> [TASK DESCRIPTION]
Each line below from the one containing "embrasse Shana Loustau" through the one containing "Virkon H2O - 10kg" should be output exactly as it stands, and no other line should appear.

> [DATA]
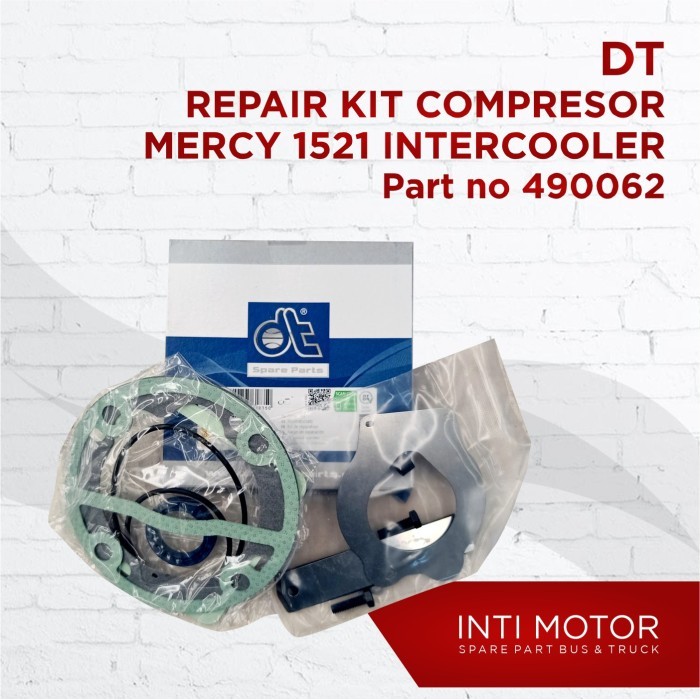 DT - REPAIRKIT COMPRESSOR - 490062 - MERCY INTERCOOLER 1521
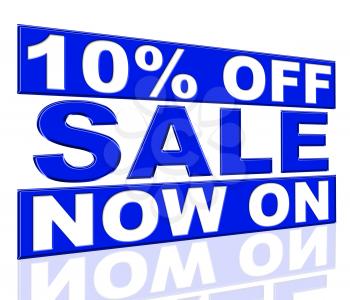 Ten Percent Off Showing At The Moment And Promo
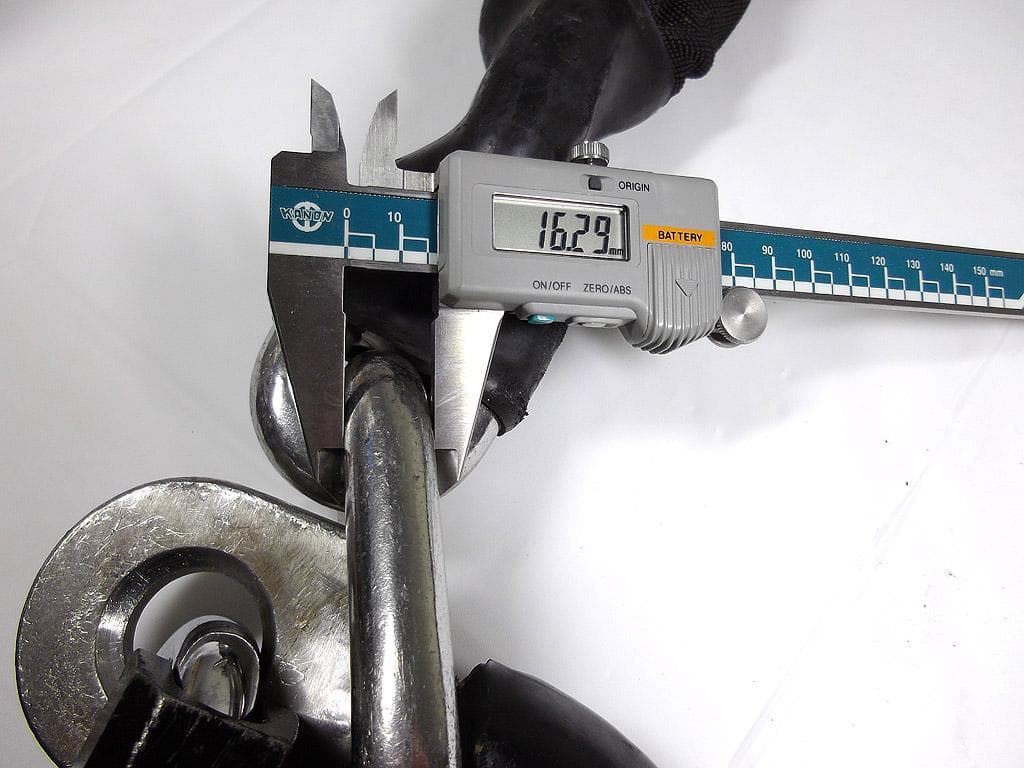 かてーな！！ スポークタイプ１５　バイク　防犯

--

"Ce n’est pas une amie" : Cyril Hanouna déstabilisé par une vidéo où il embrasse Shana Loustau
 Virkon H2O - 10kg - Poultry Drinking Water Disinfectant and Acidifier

> [OUTPUT FOR THIS EXERCISE]
"Ce n’est pas une amie" : Cyril Hanouna déstabilisé par une vidéo où il embrasse Shana Loustau
 Virkon H2O - 10kg - Poultry Drinking Water Disinfectant and Acidifier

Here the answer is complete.